> _Instructions to follow_
Each line from the one with "GUARNECIDO PUERTA DELANTERA IZQUIERDA" through the last line below must be written out exactly. Do not copy pictures.
_ _ _ _ _
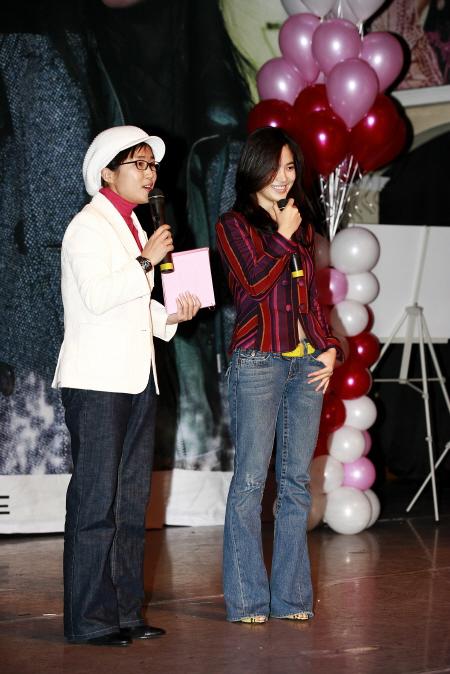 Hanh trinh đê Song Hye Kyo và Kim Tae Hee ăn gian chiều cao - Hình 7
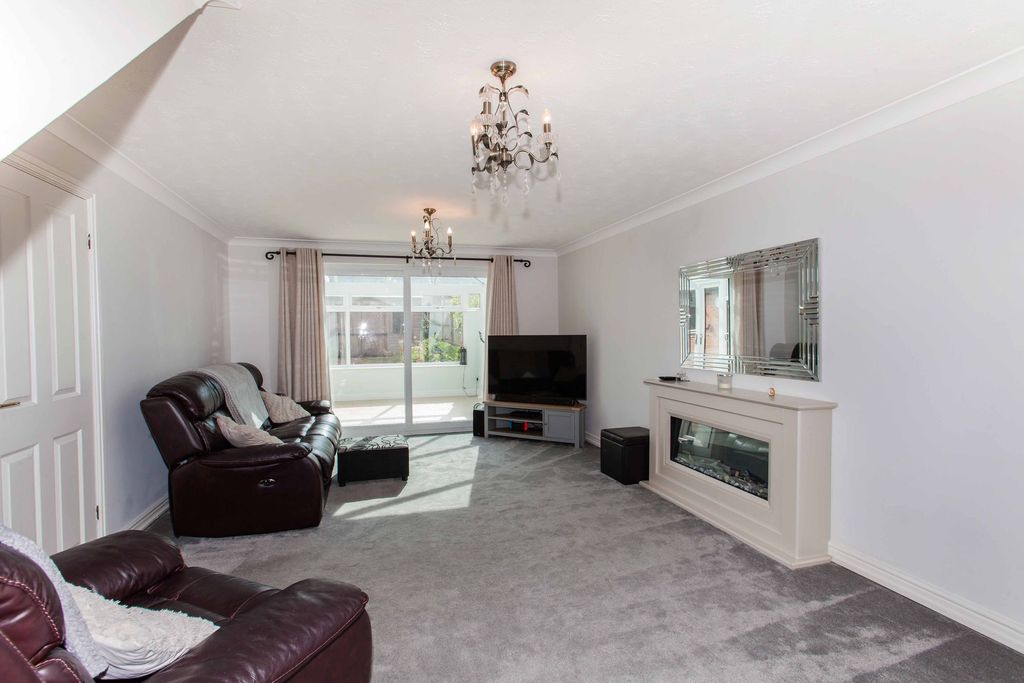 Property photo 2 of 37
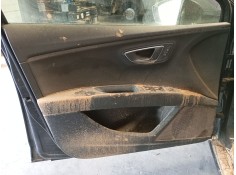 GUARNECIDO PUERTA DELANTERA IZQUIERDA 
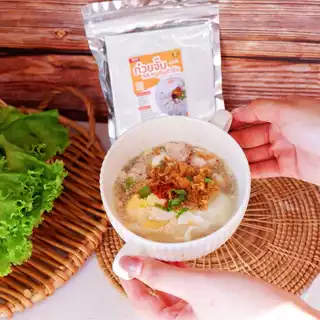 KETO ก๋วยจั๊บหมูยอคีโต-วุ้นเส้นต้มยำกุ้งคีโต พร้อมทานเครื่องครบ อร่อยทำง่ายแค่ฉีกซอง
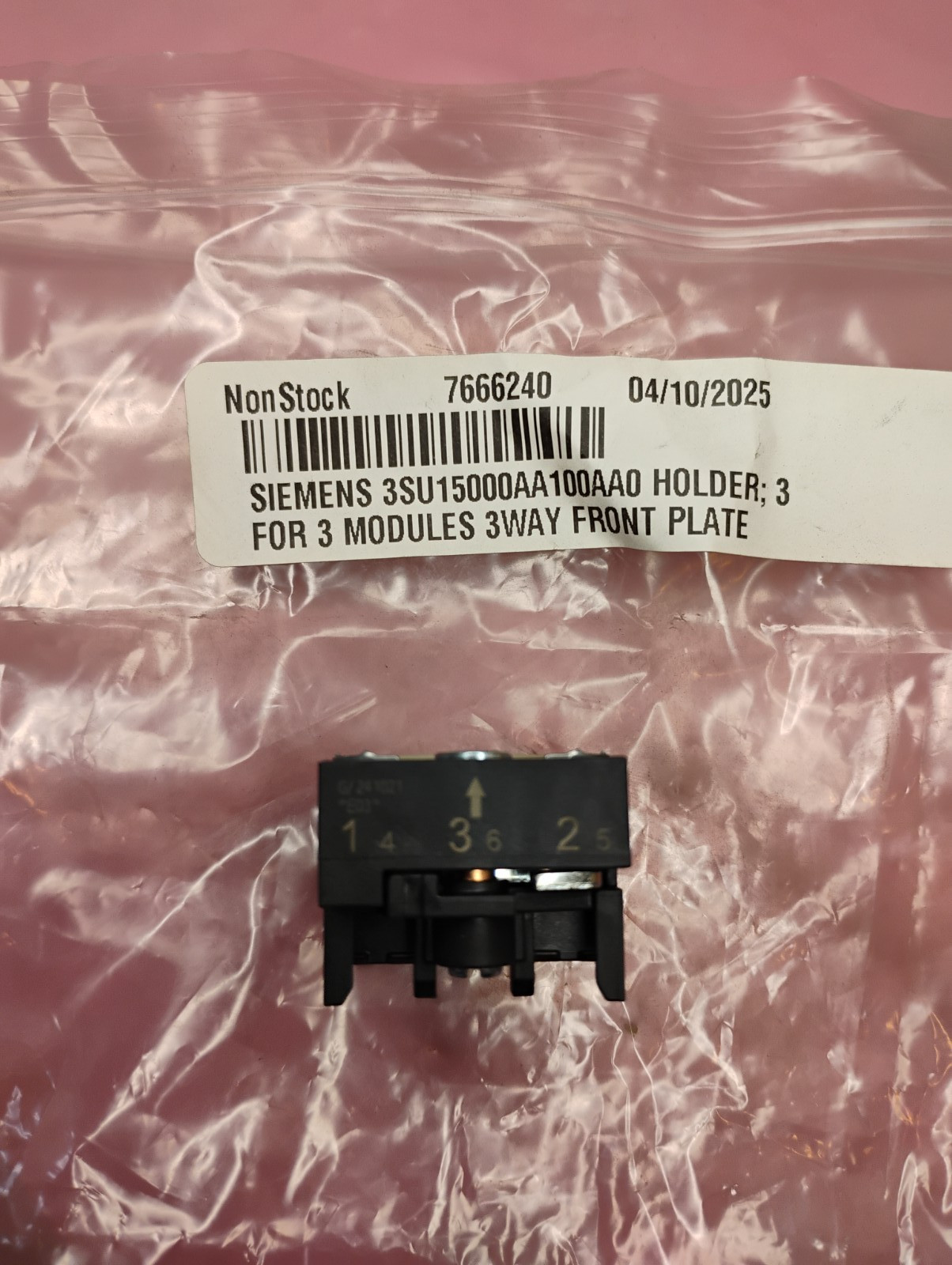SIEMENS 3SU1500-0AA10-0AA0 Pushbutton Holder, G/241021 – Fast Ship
_ _ _ _ _
> _Output of the task_
 GUARNECIDO PUERTA DELANTERA IZQUIERDA 
 KETO ก๋วยจั๊บหมูยอคีโต-วุ้นเส้นต้มยำกุ้งคีโต พร้อมทานเครื่องครบ อร่อยทำง่ายแค่ฉีกซอง
SIEMENS 3SU1500-0AA10-0AA0 Pushbutton Holder, G/241021 – Fast Ship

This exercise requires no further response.